Als „ausgefallen“ würden sich so einige Bands bestimmt selbst beschreiben. Auch beliebt: Der Verweis, man könne und wolle die eigene Musik in keine Schublade stecken, schließlich schränke das die Kreativität ein. Meiner Erfahrung nach ist bei solchen Beschreibungen Vorsicht geboten, da viele gerade junge Künstler*innen hinter solchen Aussagen gerne eine gewisse musikalische Unreife verstecken. Letzteres ist in der Tat absolut nichts verwerfliches, aber der Drang, mangelnde musikalische Erfahrung mit aufgeblasener Rhetorik zu kaschieren, nervt mich auf Dauer doch ein wenig. Nun ja, eigentlich kann man den Künstler*innen kaum einen Vorwurf machen, sind sie schließlich denselben anstrengenden Selbstvermarktungsmechanismen einer gnadenlosen Musikindustrie unterworfen, und sei das Indie-Label noch so klein.

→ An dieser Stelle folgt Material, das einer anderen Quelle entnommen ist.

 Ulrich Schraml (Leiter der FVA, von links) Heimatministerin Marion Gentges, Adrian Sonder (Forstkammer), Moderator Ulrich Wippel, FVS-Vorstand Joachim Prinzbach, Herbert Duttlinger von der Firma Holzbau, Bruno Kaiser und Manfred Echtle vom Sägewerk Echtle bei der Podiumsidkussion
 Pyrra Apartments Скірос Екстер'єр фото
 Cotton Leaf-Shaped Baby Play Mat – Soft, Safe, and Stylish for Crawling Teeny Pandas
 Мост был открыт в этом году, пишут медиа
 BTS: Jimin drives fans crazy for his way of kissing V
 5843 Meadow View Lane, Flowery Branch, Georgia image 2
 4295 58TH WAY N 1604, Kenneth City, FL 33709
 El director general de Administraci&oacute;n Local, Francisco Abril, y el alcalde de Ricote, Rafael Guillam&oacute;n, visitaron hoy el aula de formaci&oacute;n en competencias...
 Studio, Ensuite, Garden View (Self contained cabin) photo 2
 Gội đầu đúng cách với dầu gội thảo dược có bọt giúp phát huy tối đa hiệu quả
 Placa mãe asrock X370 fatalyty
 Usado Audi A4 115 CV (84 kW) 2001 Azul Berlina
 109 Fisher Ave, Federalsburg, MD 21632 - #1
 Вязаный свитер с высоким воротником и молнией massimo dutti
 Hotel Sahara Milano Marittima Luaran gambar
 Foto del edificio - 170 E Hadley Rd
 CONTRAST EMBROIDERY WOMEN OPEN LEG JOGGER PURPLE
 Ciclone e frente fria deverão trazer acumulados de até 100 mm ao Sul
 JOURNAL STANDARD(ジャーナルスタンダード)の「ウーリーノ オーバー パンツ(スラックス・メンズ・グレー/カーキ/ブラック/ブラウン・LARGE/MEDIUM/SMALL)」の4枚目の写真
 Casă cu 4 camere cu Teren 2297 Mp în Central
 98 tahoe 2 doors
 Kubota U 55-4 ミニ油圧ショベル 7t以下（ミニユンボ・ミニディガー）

Entsprechend selten habe ich das Gefühl, dass es eine Band wirklich so abgefahren-genial ist, wie sie tut und da keine Planlosigkeit dahinter steckt. Biru Baby, eine Band aus einer der abgeschiedensten Ecken Norwegens, ist allerdings viel mehr als angefahren und genial. Was genau, das vermag ich nicht wirklich zu sagen. Ich werde aus dem Sound des weiblichen Trios nicht so recht schlau, meine das aber nicht negativ. „Ancient Call“, das neue Album der Band, ist dermaßen exzentrisch, bizarr und doch geil, dass es unmöglich ist, konkrete Referenzen aufzuzählen. Der Sound liegt irgendwo zwischen Die Antwoord und Animal Alpha, aber das beschreibt es nicht ansatzweise. Traditionelle samische Musik, Metal, Synthesizer, Autotune und noch viel mehr schmeißen Biru Baby in den Mixer und drücken auf den Knopf. Was dabei herauskommt, ist komisch, aber eine echte Gaumen- beziehungsweise Ohrenfreude. Auch in puncto Optik beweisen die Norwegerinnen ein Händchen für verrückte Genialität, schließlich haben sie für ihre Songs selbst Videos produziert, so zum Beispiel für „Darkness of Sunshine“. Ein Titel jedoch bekomme ich seit Wochen nicht aus meiner Hirnrinde: „Emo Gonna Overload“, welches von ihrer Live-Begleitung Hell-G gefeaturet wird, ist einfach nur von einem anderen Planeten. Punkt.
Kurzum: Wer mal etwas wirklich (und damit meine ich wirklich!) Abgefahrenes hören will, sollte sich „Ancient Call“ unbedingt auf die musikalische To-Do-Liste packen. Wollte ich es abgedroschen ausdrücken, würde ich bei Biru Baby anmerken, dass Genialität und Wahnsinn erstaunlich nah beieinander liegen. Aber in diesem Fall sind beide Worte ein und dasselbe. Und geil obendrein!